Mit der Sonne im Rücken geht die flotte Fahrt auf kerzengerader Straße mitten durch den "Wald" - zumindest nennt sich das niedere Gestrüpp hier so. Ist das das afrikanische Pendant zu den schwedischen Wäldern? Der weiße Untergrund aus Steinen und Sand blendet sehr, jetzt hätte ich zum ersten mal in meinem Leben gerne eine Sonnenbrille. Erholung für die Augen ist das nagelneue schwarze Asphaltband. Die Lisl pendelt nicht mehr? Waren es doch nicht die Reifen? Weitere Beobachtungen zeigen, dass es vielleicht der Straßenbelag ist - womöglich gibt es unter den älteren Straßen unsichtbarel Spurrillen? Auf dieser Küstenstrecke tummeln sich deutlich mehr Touristen als bisher - Motorradfahrer mit den großen Adventurebikes begegne mir mehrfach. Oberhalb von Essaouria lassen sie sich von den an der Straße bereitliegenden Reitkamelen beeindrucken. Ich bin froh, die Marokko-Schleife im Uhrzeigersinn gemacht zu haben, der kalte und interessante Teil liegt hinter mir, nun ist eine laaaangweilige, dafür wärmere Rückfahrt angesagt. Entspannung. Selbst der anscheinend tägliche Markt mit wilder Geschäftigkeit, Fahrzeugen aller Art kreuz und quer und Fußgängern in den wenigen Lücken, streßt uns jetzt nicht mehr. Mancher hat es eilig auf dem Heimweg und läßt seinen Esel oder sein  Pferd im Galopp heim rennen.

Ein kleiner Abstecher etwas weiter in Richtung Inland beschert uns wieder ein paar nette Kurven. Dann allerdings sollen wir auf eine Sandpiste abbiegen? Nein, wir bleiben jetzt lieber auf der gequemen Hauptstraße. Am Straßenrand hält ein kleiner Kastenwagen - Klappe auf. da sitzen bestimmt schon 8 Männer hinten drin.
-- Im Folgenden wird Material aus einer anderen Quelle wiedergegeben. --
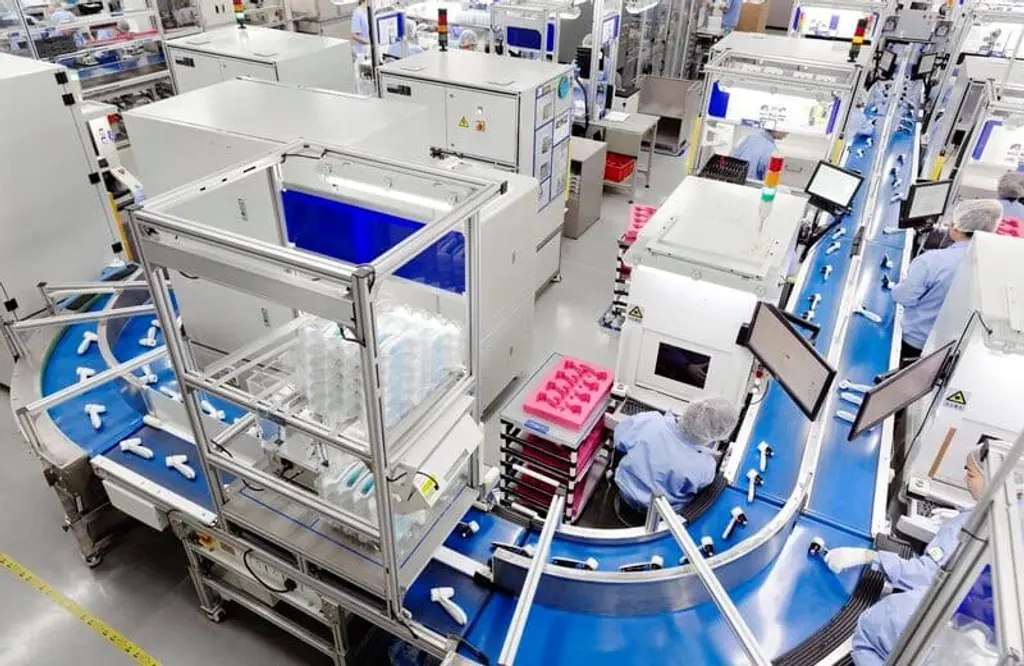 medical manufacturing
Nächster Mann hinzu, Klappe zu, weiter geht's. Ein paar Kilometer weiter: Klappe auf, Mann rein, Klappe zu. Ich frage mich, wie oft das gut geht?
Die Küstenstraße wird anscheinend gerade komplett erneuert bzw. verbreitert. An einer Baustelle weirden wir vom Baustellenwächter angehalten. Irgendwann geht's dann weiter, lange. Auf der Gegenspur - also auf der falschen, neu geteerten Seite - kommen uns plötzlich scharenweise Fahrzeuge entgegen, bis ein Baustellenfahrzeug unsere Spur blockiert. Der LKW vor mir weicht nach links auf die Sandpiste aus, ich bevorzuge die rechte Asphaltspur, auf der derzeit kein Gegenverkehr zu sehen ist. Am Ende der Baustelle steht der andere Wächter und winkt fröhlich alle Fahrzeuge Richtung Baustelle durch...was für ein Chaos. Aber hier nimmt man das gelassen, es passiert nichts und keiner regt sich wirklich auf. Es funktioniert.

Wieso müssen eigentlich voll (sogar mit Waschmaschine!) ausgestattete Wohnmobile auf Campingplätze? Die haben doch alles! Oder geht's hier um das "socialising"? Der Campingwärter ist überrascht über mein "Zelt", sucht aber hilfsbereit mit mir zwei passende Bäume. Was geht wird hier möglich gemacht.